Suntech calls an Australian solar boom

Posted on 03:58 by Unknown
Giles Parkinson at the Climate Spectator reports that Chinese solar company Suntech thinks Australia is headed for a solar power boom - Suntech calls an Australian solar boom.
Suntech, the world’s largest solar manufacturing company, has produced stunning forecasts for the solar PV industry in Australia – saying it could supply 5 per cent of the nation’s power demand by the end of this decade, reaching the target three decades ahead of the federal government’s most recent forecast.

Stefan Jarnason, the technical director of Suntech Australia, says solar PV capacity in Australia could reach 10 gigawatts by 2020, when it would be growing at a phenomenal 2GW a year. He bases these forecasts on rapidly declining costs, which mean electricity from rooftop PV that is already cheaper than coal-fired energy delivered by energy retailers in some parts of the country, will reach parity for commercial users around 2015, and parity for utility-scale developments towards the end of the decade.

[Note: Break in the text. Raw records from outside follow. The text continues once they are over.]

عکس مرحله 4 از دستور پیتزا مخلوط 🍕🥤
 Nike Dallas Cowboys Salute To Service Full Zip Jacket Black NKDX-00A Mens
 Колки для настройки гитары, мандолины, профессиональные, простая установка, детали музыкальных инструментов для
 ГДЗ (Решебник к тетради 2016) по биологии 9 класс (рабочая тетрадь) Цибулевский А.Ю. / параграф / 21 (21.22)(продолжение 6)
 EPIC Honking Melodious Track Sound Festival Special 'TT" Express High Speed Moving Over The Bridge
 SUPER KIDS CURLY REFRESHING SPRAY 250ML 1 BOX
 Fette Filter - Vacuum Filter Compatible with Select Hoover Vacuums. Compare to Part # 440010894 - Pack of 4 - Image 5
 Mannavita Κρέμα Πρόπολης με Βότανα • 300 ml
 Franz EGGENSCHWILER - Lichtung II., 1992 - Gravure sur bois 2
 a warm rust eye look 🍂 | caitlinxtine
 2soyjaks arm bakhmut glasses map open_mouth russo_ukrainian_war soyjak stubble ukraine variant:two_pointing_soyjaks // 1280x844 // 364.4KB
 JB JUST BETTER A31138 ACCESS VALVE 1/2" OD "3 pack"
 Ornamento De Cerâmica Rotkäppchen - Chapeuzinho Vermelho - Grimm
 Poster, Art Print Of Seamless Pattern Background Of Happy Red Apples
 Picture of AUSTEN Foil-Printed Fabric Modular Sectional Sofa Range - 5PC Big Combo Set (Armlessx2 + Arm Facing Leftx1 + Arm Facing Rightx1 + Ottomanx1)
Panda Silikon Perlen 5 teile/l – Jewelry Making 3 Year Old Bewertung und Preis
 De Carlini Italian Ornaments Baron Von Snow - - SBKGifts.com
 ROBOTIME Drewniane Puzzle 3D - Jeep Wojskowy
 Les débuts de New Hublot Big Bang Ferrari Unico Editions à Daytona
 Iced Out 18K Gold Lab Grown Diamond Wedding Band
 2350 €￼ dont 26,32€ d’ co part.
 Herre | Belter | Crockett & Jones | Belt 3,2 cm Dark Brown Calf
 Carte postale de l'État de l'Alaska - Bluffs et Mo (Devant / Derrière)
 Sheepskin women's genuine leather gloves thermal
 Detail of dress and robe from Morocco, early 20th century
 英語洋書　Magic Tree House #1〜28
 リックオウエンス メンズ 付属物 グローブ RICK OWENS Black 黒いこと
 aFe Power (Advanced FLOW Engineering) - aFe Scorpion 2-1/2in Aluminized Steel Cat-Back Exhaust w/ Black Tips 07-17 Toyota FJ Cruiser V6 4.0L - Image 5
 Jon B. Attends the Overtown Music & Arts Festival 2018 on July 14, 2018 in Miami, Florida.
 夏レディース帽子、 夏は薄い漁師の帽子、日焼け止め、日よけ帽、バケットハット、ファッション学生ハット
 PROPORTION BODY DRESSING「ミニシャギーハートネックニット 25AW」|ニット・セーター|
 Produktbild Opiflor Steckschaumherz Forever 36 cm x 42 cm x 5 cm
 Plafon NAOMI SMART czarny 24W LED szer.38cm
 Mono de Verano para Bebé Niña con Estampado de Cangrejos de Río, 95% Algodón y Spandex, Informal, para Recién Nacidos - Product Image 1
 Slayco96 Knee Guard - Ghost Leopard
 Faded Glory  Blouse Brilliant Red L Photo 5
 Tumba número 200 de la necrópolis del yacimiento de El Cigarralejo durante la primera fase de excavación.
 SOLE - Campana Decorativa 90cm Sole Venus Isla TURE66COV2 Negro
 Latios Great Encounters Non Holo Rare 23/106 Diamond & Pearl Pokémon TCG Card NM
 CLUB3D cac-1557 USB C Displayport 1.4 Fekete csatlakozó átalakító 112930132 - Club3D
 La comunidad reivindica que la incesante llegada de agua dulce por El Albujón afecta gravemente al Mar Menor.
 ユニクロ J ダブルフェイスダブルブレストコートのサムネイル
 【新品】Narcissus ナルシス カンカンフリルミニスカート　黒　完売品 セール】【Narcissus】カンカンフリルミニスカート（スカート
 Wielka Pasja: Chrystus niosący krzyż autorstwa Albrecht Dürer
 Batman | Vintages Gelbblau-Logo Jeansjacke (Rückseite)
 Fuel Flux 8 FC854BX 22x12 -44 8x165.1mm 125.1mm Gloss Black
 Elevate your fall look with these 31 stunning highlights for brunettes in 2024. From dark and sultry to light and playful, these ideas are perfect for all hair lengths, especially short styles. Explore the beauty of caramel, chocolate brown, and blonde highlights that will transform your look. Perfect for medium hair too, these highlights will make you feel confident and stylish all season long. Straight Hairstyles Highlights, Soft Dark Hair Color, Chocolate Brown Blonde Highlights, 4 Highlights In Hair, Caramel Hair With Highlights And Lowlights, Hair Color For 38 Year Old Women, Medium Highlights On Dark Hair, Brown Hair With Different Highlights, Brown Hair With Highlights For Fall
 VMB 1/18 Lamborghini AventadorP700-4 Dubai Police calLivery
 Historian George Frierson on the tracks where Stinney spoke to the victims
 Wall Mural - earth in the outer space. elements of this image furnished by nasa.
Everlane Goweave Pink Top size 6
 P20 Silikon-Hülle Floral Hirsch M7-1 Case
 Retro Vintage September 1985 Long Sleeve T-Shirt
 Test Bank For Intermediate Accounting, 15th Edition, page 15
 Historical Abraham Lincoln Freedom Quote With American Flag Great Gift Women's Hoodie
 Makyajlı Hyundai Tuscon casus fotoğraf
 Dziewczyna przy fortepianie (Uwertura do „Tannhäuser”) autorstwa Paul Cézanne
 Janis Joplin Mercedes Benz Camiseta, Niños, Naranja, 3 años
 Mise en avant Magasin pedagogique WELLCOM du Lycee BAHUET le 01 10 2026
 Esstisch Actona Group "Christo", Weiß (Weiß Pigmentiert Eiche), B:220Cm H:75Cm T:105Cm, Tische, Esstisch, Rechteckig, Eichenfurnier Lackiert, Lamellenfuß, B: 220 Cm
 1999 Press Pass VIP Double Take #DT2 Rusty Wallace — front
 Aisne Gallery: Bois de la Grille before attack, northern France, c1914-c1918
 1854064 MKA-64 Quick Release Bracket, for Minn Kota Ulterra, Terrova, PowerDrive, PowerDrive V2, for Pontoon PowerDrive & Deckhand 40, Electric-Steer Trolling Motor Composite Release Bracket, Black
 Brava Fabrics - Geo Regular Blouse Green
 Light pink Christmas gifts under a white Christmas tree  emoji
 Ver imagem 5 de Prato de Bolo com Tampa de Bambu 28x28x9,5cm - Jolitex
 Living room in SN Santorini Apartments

It's just a forecast, but it represents a growing realisation within and without the industry that in a very few years the rollout of solar PV will be dictated less by the scale of financial incentives – because it might not need much – but by the scale of regulatory protection for the current energy suppliers, because they might need all the help they can get.

Jarnason predicts installation of rooftop PV will slump sharply to around 250MW in 2012 because of the dramatic changes in government incentives over the last six to 12 months, but will grow at 20 per cent per year as more consumers use it as a hedge against rising electricity prices. Again, this will depend more on the removal of regulatory barriers than on government financial support.

He predicts commercial-scale solar PV will be around 40MW in 2012 and grow at 40 per cent a year, while utility-scale solar will grow at 20-60MW per year, before experiencing massive growth from around 2018, as solar costs come down, and hidden subsidies are removed from fossil fuels. “Until the government is able to remove hidden subsidies, growth in utility-scale will remain slow – when we hit grid parity there will be a boom," he told a seminar on "The Future of Solar," hosted by the Grattan Institute and the University of Melbourne last night. By the end of the decade, he says, the combination of solar PV and solar thermal with storage will be able to deliver base-load power.

Such a scenario would appear to be a significant threat to the energy incumbents, particularly in the coal and gas industries, because it would reduce opportunities for new deployment and eat into their earnings because of the impact of solar and other short run marginal cost technologies in the so-called merit order effect (more on that tomorrow). It would also come as a shock to the government, which forecasts just 5 per cent solar by 2050 in scenarios painted in its Clean Energy Future package. The long-awaited Energy White Paper, which will be delivered in the next month or so and will become the blueprint of the country’s energy planning over the next decade, will also be unlikely to have such a bullish forecast, seeing that none of the 23-person panel advising the government is a specialist in solar technology.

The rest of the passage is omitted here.